By Crystal Carreon – ccarreon@sacbee. com
Published 12:00 am PST Friday, January 11, 2008
Despite legal challenges to the death penalty, California’s chief justice on Thursday pressed ahead with plans to alter how courts will vet the largest number of capital cases in the country.
Citing decades-long appeals and a backlog that threatens to overwhelm the high court, Chief Justice Ronald George told state commissioners that now is the time to relinquish the state Supreme Court’s exclusive review of death penalty cases and open the process to the lower courts.
George, who addressed the Commission on the Fair Administration of Justice at a Capitol hearing, proposes amending the state Constitution to help fix a process he calls “dysfunctional. ” He hopes to have the proposal on the 2008 general ballot or to find a legislator to sponsor the measure.
“The existing system for handing capital appeals in California is dysfunctional and needs reform,” the chief justice told commissioners. “…(T)he current system is not functioning effectively. “
But skeptics suggested that spreading out capital cases to the appellate courts could add another layer to an already notoriously slow appeals process. A law professor at Thursday’s hearing likened George’s proposal to just “rearranging furniture.”
With a surge in the death row population over the years – currently more than 660 inmates are awaiting execution – George told commissioners that death penalty reviews alone consume about 20 percent to 25 percent of the high court’s caseload, up from about 5 percent to 10 percent about two decades ago.

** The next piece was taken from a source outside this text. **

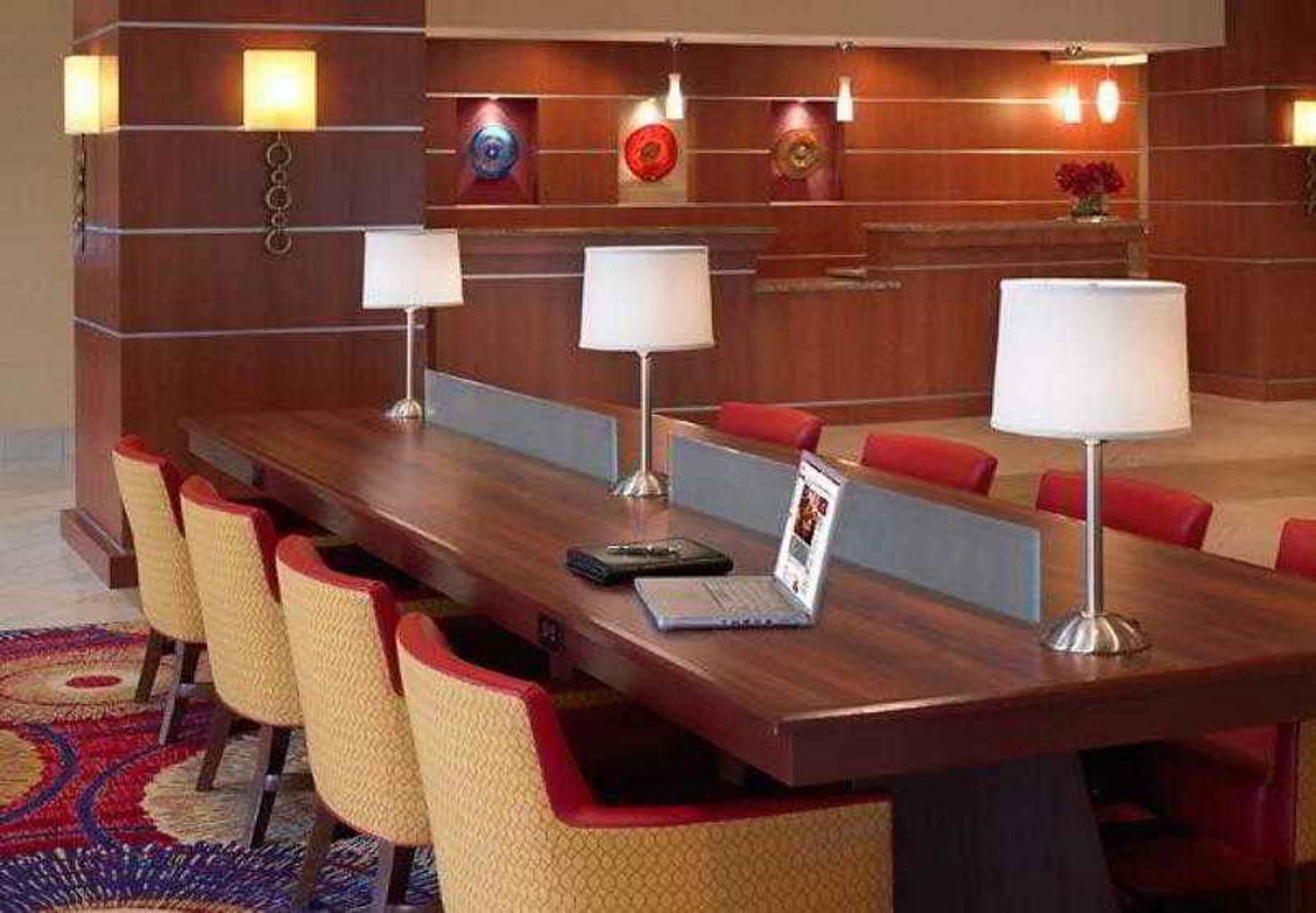 Wyndham Cleveland Airport Ξενοδοχείο Ανέσεις φωτογραφία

He pointed out that the number of Supreme Court justices – seven – has remained the same since 1879, while there are 105 state Court of Appeal justices.
George said the state Supreme Court – even if it devoted itself exclusively to capital cases – would take about three to four years to chip away and process the existing backlog. About 400 death penalty appeals are pending in the Supreme Court.
He used words such as “peril,” “critical” and “disadvantage” to describe how the high court’s responsibility to litigate and set case law in crucial civil and criminal matters could be compromised by the massive death penalty caseload.
“If the Supreme Court cannot fulfill that role, California – its people, its government, its economy, its public safety – all would suffer,” George said.
But Stanford Law School professor Lawrence Marshall later told commissioners that the proposal could, in effect, just add another tier of lengthy legal review.
“I understand the impetus,” the professor said. “But, on some level, they are rearranging the furniture … .”
Under the current system, after a death sentence is handed down, an automatic appeal process begins in the state Supreme Court. If the court denies all relief, as it almost always does, the case then moves to the federal system.
The appeal then goes to the U.S. Supreme Court with a request for review. The constitutional case, known as “habeas corpus,” goes to federal district court, then the 9th U.S. Circuit Court of Appeals, before making its way to the U.S. Supreme Court.
Under the proposal, George said the high court will continue to be “hands-on” and will ultimately review the lower court’s opinion. He recommended sending 30 capital cases to the lower courts initially.
Marshall, who had been influential in commuting death sentences in Illinois, said the state’s unprecedented backlog stems from its breadth of more than 30 death penalty offenses, a range of special circumstances that include killing an officer in the line of duty to lying in wait.
Marshall proposed narrowing the scope of death penalty cases to only the “worst of the worst.” That, he said, would greatly diminish the number of inmates at San Quentin’s death row.
Earlier versions of capital punishment in California had fewer special circumstances, but voters in 1978 changed that, according to Sacramento attorney Donald H. Heller, who drafted the state’s death penalty initiative.
“It’s something the people wanted,” Heller said. “The initiative was very broad in its scope.”
Heller said at the time, he believed the Supreme Court’s careful review of death penalty appeals would take about 10 years – not the 17 1/2-year average cited by legal scholars, the slowest process in the country.
He called George’s proposal reasonable, saying it would not undermine rights to due process and fair hearings. Although Heller has since become a critic of capital punishment, he said if the state is to continue its practice, it needs to diminish the backlog.
“If you believe in the law, then you need to take into account what is clearly an unreasonable delay between sentence of death and a final decision of the California Supreme Court,” he said after the hearing. “It’s a process fraught with delay because no one wants to make a decision that could result in the death of an innocent person.”
For the mother of Terri Lynn Winchell, a Lodi teen murdered in 1981, the time afforded to inmates is a luxury.
“It just wears you out; you want justice,” said Barbara Christian, whose daughter’s body was found in a vineyard 27 years ago this week. “Knowing that he’s alive and well just keeps the pain alive.”
Jurors convicted Michael Angelo Morales of the murder in 1983, and his execution was to be carried out in February 2006 before a last-minute legal challenge plucked Morales from the death chamber. The state’s death penalty has been in limbo since then, pending legal challenges.
The California Commission on the Fair Administration of Justice will hold two more public hearings on the death penalty over the next two months. The commission was created by the state Senate to examine what leads to wrongful convictions.